* [Work instructions]:
The printed result should hold only the lines from the opening of the data through the line bearing "वार्सन स्08 हेडलैंप", exactly as given and without pictures.
━━━━━━━━━━━━━━━━━━━━
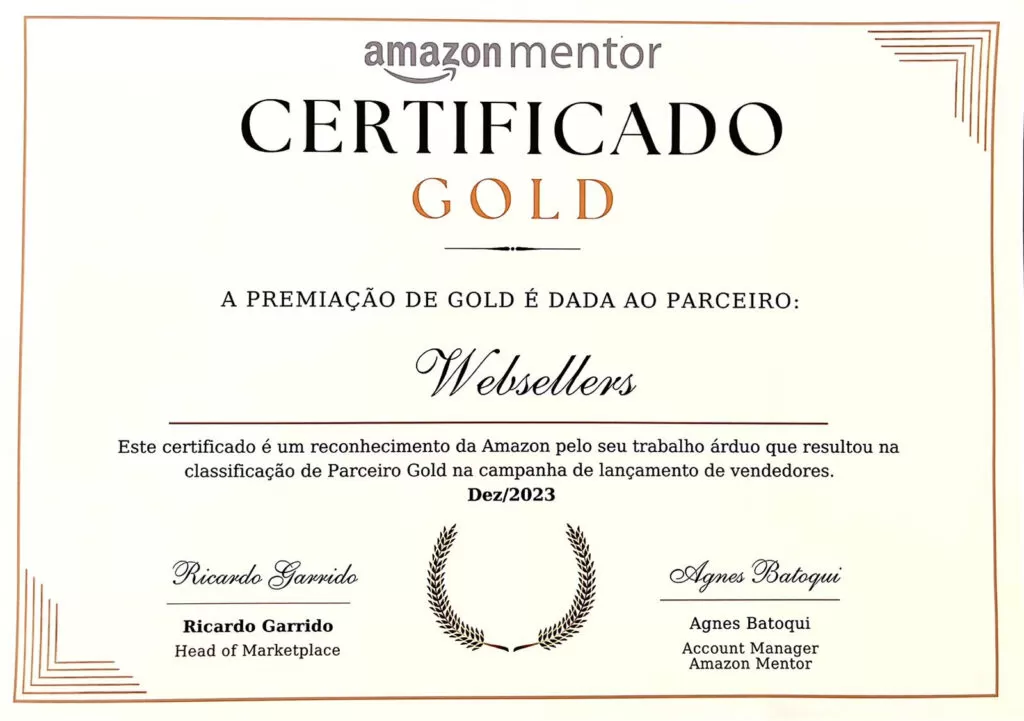 Certificado Amazon Mentor Gold para Websellers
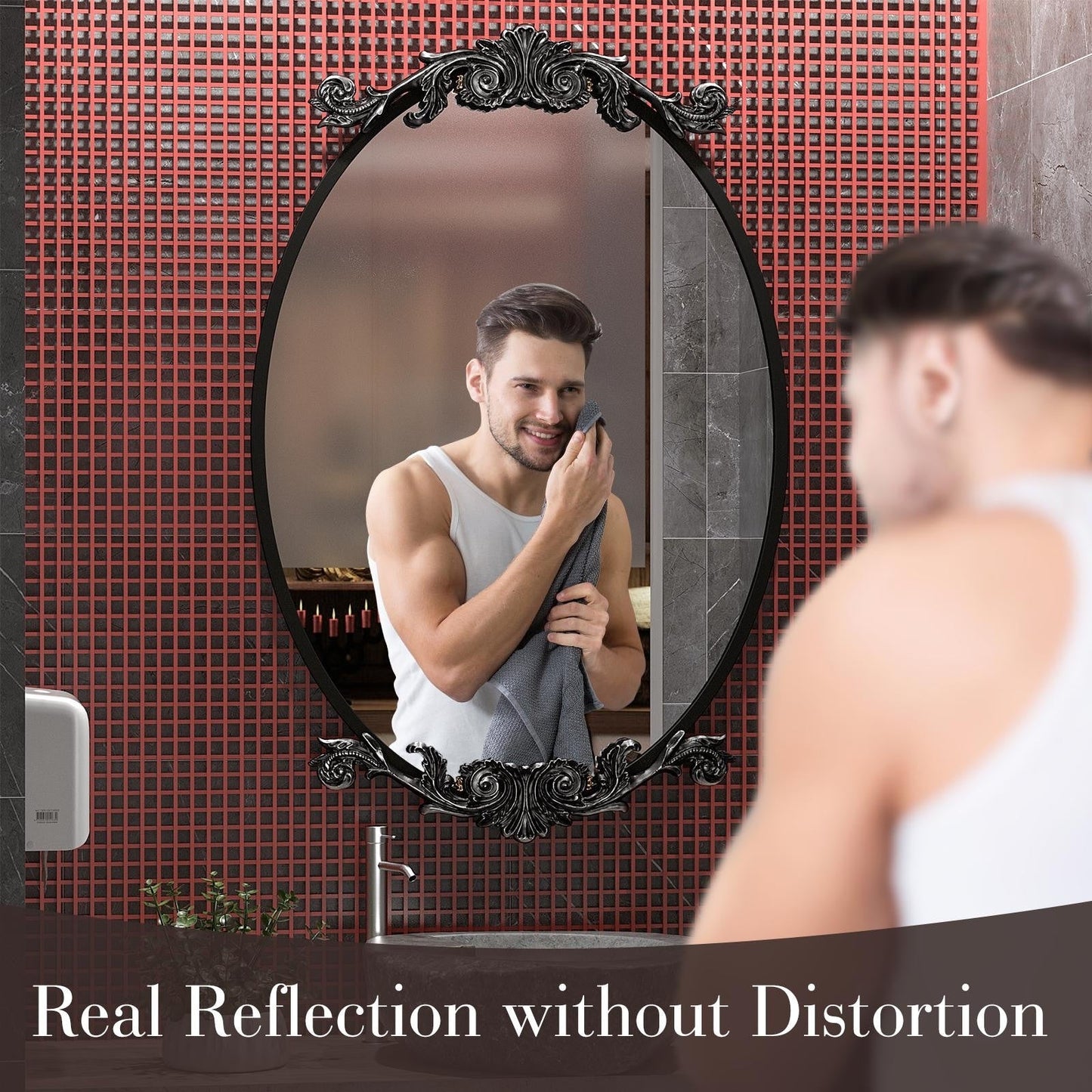 Miroir mural ovale vintage baroque orné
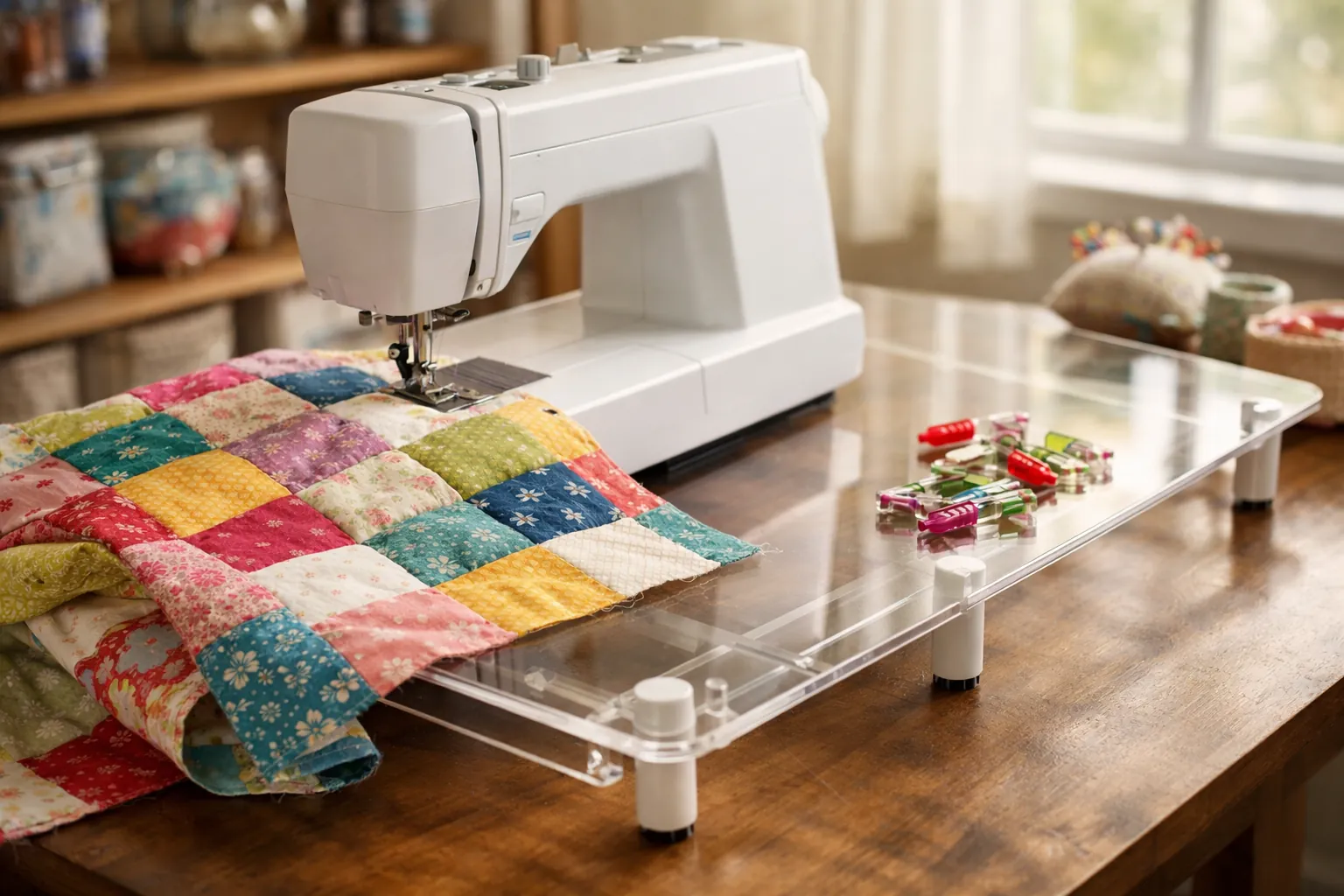 Sewing machine with a wide extension table supporting a quilt top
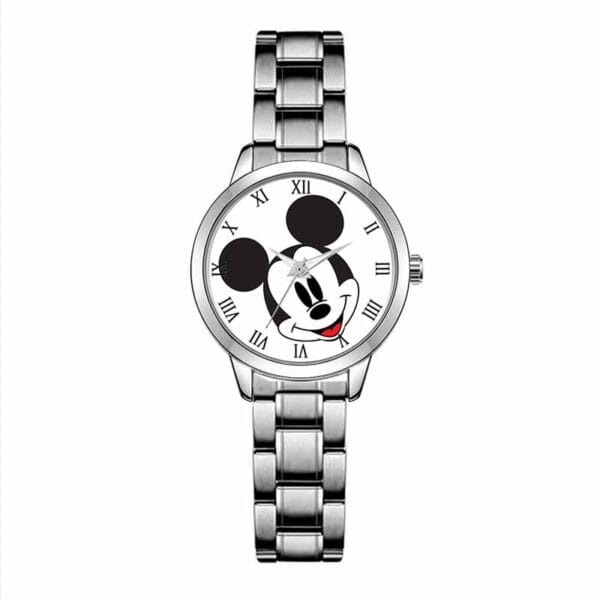 Reloj Mickey Mouse En Acero Inoxidable Para Dama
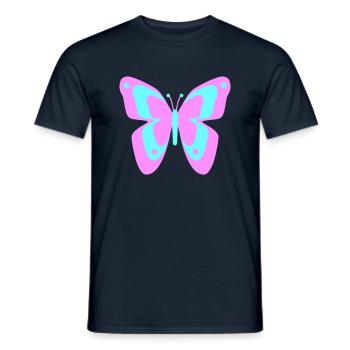Farfalla Farfalla Insetti Primavera Estate colorata - T-shirt uomo - navy - Fronte - AI Model Male 178 light (178cm)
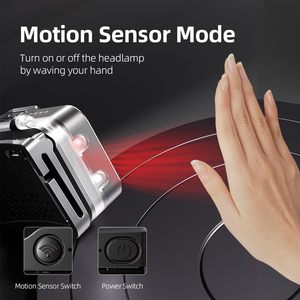 वार्सन स्08 हेडलैंप आउटडोर मजबूत लाइट हेडलैंप लंबे जीवन TYPE-C मछली पकड़ने प्रेरण हेडलैंप - Product Image 4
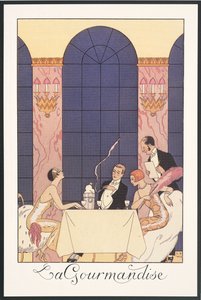 Falbalas et Fanfreluches, Almanach für 1925: "La gourmandise", von George Barbier, Druck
━━━━━━━━━━━━━━━━━━━━
* [Solved problem]:
 Certificado Amazon Mentor Gold para Websellers
 Miroir mural ovale vintage baroque orné
 Sewing machine with a wide extension table supporting a quilt top
 Reloj Mickey Mouse En Acero Inoxidable Para Dama
Farfalla Farfalla Insetti Primavera Estate colorata - T-shirt uomo - navy - Fronte - AI Model Male 178 light (178cm)
 वार्सन स्08 हेडलैंप आउटडोर मजबूत लाइट हेडलैंप लंबे जीवन TYPE-C मछली पकड़ने प्रेरण हेडलैंप - Product Image 4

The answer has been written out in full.